O presidente Luiz Inácio Lula da Silva declarou que, caso tenha ocorrido um “abuso americano” em relação ao delegado da Polícia Federal, que esteve envolvido na detenção do ex-deputado Alexandre Ramagem, cuja saída dos Estados Unidos foi ordenada pelo governo americano nesta segunda-feira (20), o Brasil poderá responder da mesma forma.

“Não tenho informações sobre o ocorrido. Fui avisado hoje pela manhã. Acredito que, se houve um abuso por parte dos Estados Unidos em relação ao nosso policial, nós tomaremos medidas semelhantes com os deles aqui no Brasil. Não há espaço para discussões”, afirmou Lula a jornalistas nesta terça-feira (21), na Alemanha, onde realiza uma série de compromissos oficiais.
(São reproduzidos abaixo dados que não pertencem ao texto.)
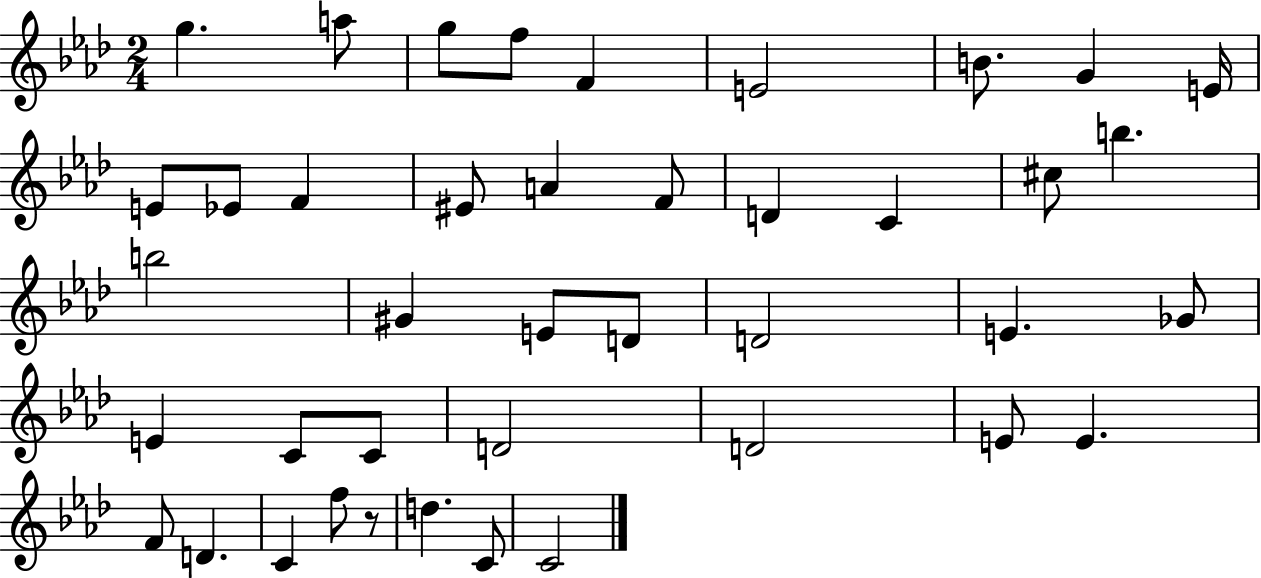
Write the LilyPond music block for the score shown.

O presidente acrescentou: “Desejamos que tudo ocorra da maneira mais correta possível, mas não podemos aceitar essa ingerência, esse abuso de autoridade que alguns indivíduos americanos tentam exercer em relação ao Brasil”.

Nesta segunda-feira (20), o Escritório para Assuntos do Hemisfério Ocidental dos Estados Unidos anunciou ter solicitado a saída de um “funcionário brasileiro” do território americano. Embora a mensagem não tenha mencionado nomes, o texto sugeria que se tratava de um delegado da Polícia Federal.

Saiba mais: Ramagem pode ser deportado para cumprir pena no Brasil

O Escritório para Assuntos do Hemisfério Ocidental dos EUA insinuou, em postagens nas redes sociais, que o delegado teria manipulado o sistema de imigração do país “para evitar pedidos formais de extradição e prolongar perseguições políticas em território americano”. Até o momento, tanto a PF quanto o Itamaraty não se manifestaram sobre o pedido de saída.

O delegado da PF — identificado pela mídia brasileira como Marcelo Ivo de Carvalho — esteve envolvido na operação que, na semana passada, resultou na prisão do ex-deputado bolsonarista Alexandre Ramagem (PL-RJ) em Orlando, na Flórida.

Ramagem estava foragido e tinha a prisão decretada no Brasil para cumprir uma pena de 16 anos por tentativa de golpe de Estado e outros crimes relacionados à situação, que também resultaram na prisão de Jair Bolsonaro (PL) e outros aliados e oficiais de alta patente. A detenção foi realizada pelo ICE (Immigration and Customs Enforcement).

A Polícia Federal informou que “a prisão foi resultado da cooperação policial internacional entre a Polícia Federal e as autoridades dos EUA. O detido é considerado foragido da Justiça brasileira após condenação por crimes de organização criminosa armada, golpe de Estado e tentativa de abolição violenta do Estado de Direito”.

Ramagem foi liberado na quarta (15) e continua em solo americano. Em um vídeo, agradeceu à liderança do governo de Donald Trump pela sua soltura. O bolsonarista solicitou asilo político nos EUA, enquanto o governo brasileiro busca sua extradição para o cumprimento da pena no país.